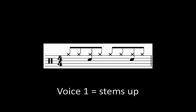We'll use voice 1, which has stems pointing up, for the parts of the drum kit played with the hands, such as cymbals or the snare drum.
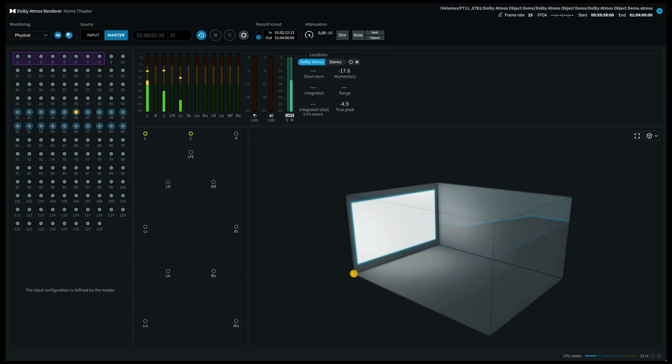Welcome to Listen2360. In this video we're going to demonstrate object panning in Dolby Atmos.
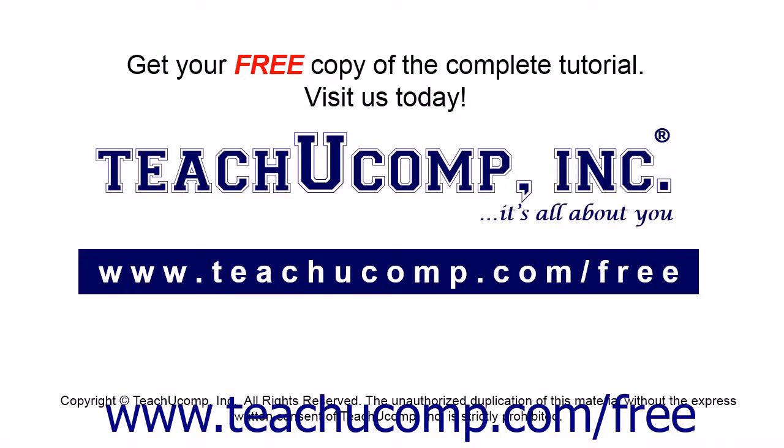Get your free copy of the complete tutorial at www.teachyoucomp.com/free.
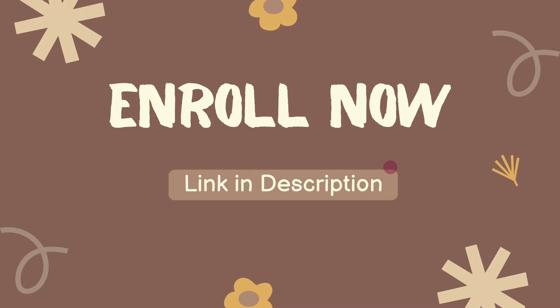Once you enroll into this course, you will be having access to lot of video content. You can do multiple projects. You can practice multiple exercises and you can do lot of assignments. I will meet you in the course. Thank you so much for watching this.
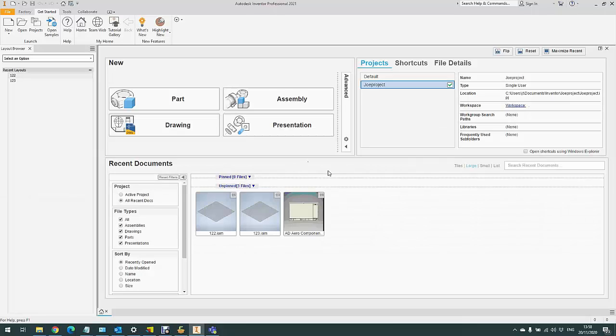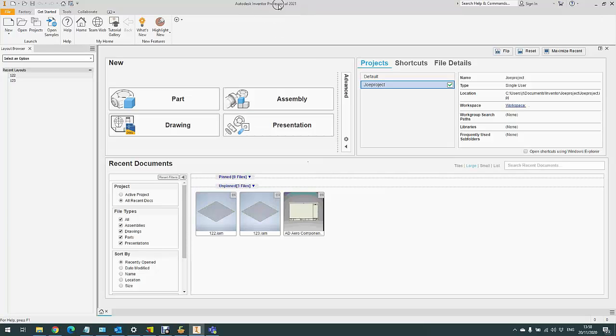Hi there, this is Joe from Symmetry, showing you today how to change from a network license type to a single user license type within Autodesk software. As you can see today, I'm in Inventor Professional 2021. The same steps apply for any Autodesk software for any year.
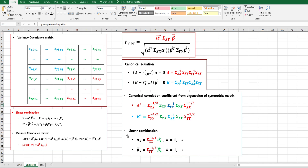Currently, Excel does not have a built-in tool to get eigenvalue and eigenvector, so you need to run VBA or an add-in tool if you want to run canonical analysis within Excel. So in this video, I will use R program to calculate eigenvalue and eigenvectors using built-in functions.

PROBLEM DESCRIPTION >> Give back exactly the lines from the first line of the data through the line with "Hi there, this", pictures excluded.

EXPECTED ANSWER >>
We'll use voice 1, which has stems pointing up, for the parts of the drum kit played with the hands, such as cymbals or the snare drum.
Welcome to Listen2360. In this video we're going to demonstrate object panning in Dolby Atmos.
Get your free copy of the complete tutorial at www.teachyoucomp.com/free.
Once you enroll into this course, you will be having access to lot of video content. You can do multiple projects. You can practice multiple exercises and you can do lot of assignments. I will meet you in the course. Thank you so much for watching this.
Hi there, this is Joe from Symmetry, showing you today how to change from a network license type to a single user license type within Autodesk software. As you can see today, I'm in Inventor Professional 2021. The same steps apply for any Autodesk software for any year.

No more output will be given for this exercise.